What needs to be done
Below are records; transcribe only the line with "365影院 （大胆包身）" and those after it, through the last line, without any change.

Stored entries

======

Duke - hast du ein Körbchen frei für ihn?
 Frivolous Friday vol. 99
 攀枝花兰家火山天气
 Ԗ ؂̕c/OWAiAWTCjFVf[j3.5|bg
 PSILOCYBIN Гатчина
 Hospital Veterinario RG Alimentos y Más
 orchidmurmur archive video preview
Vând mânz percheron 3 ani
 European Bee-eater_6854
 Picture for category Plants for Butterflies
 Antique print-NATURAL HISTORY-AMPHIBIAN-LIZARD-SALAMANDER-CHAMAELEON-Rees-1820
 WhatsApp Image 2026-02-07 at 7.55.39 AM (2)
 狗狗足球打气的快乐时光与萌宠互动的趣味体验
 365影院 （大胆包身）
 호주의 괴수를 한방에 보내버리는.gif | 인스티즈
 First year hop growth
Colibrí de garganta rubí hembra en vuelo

======

Result of the task
 365影院 （大胆包身）
 호주의 괴수를 한방에 보내버리는.gif | 인스티즈
 First year hop growth
Colibrí de garganta rubí hembra en vuelo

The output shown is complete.